HWM Faces Weakness in Commercial Transportation Market: What's Ahead?

By Zacks Equity Research | January 13, 2026, 10:45 AM

Howmet Aerospace Inc. HWM has been experiencing persistent weakness in its commercial transportation market. In third-quarter 2025, revenues from the commercial transportation market declined 3% on a year-over-year basis, following 14% and 4% declines in the first and second quarters, respectively.

Lower commercial truck builds, given tariff-related and economic uncertainty in North America, have been impacting the company’s near-term performance. Demand in the commercial transportation markets served by the Forged Wheels segment is expected to remain soft in the near term due to lower OEM builds. Also, rising raw material costs, particularly aluminum, and stringent emission regulations are concerning for the segment.

As a global player, Howmet Aerospace remains vulnerable to supply-chain volatility, which has already led to delays and higher costs in recent years. These supply-chain challenges in the transportation and aerospace sectors might continue affecting the company’s ability to deliver finished products to customers within the stipulated time.

Despite difficult conditions in the commercial transportation market, Howmet Aerospace’s performance is being bolstered by sustained strength in the commercial and defense aerospace markets. Strong demand for engine spares for the F-35 program, aerospace fastening systems and airframe structural components further contributes to a promising outlook for the company.

Segment Snapshot of HWM’s Peers

ITT Inc.’s ITT Motion Technologies segment is witnessing strong demand for brake components and specialized sealing solutions, shock absorbers and damping technologies in OEM and rail transportation markets. The segment’s organic revenues rose 1.4% year over year in the first nine months. For 2025, ITT expects its overall organic sales to increase 3-5% from the year-ago level.

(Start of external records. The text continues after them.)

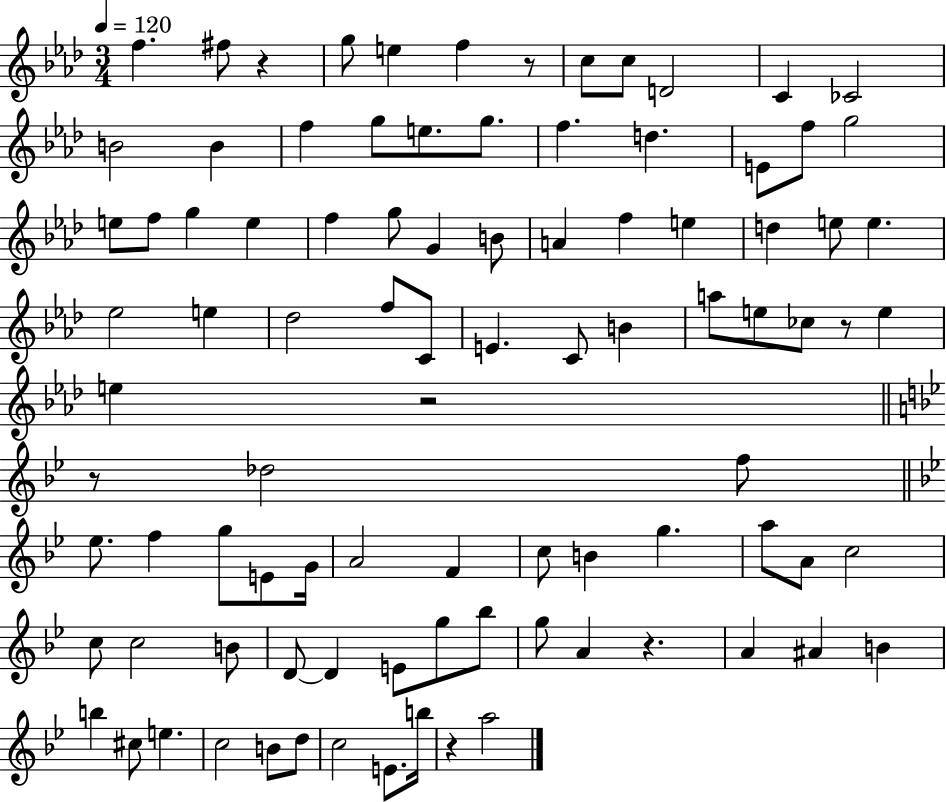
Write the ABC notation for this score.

X:1
T:Untitled
M:3/4
L:1/4
K:Ab
f ^f/2 z g/2 e f z/2 c/2 c/2 D2 C _C2 B2 B f g/2 e/2 g/2 f d E/2 f/2 g2 e/2 f/2 g e f g/2 G B/2 A f e d e/2 e _e2 e _d2 f/2 C/2 E C/2 B a/2 e/2 _c/2 z/2 e e z2 z/2 _d2 f/2 _e/2 f g/2 E/2 G/4 A2 F c/2 B g a/2 A/2 c2 c/2 c2 B/2 D/2 D E/2 g/2 _b/2 g/2 A z A ^A B b ^c/2 e c2 B/2 d/2 c2 E/2 b/4 z a2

Kennametal Inc.’s KMT Metal Cutting segment is benefiting from solid momentum across its several end markets. This includes an increase in aerospace original equipment manufacturer build rates in the Americas region, easing supply-chain pressures and robust U.S. and international defense spending volumes. Kennametal’s Metal Cutting segment’s organic revenues increased 3% year over year in the first three months of fiscal 2026.

HWM's Price Performance, Valuation and Estimates

Shares of Howmet Aerospace have surged 84.7% in the past year compared with the industry’s growth of 36.1%.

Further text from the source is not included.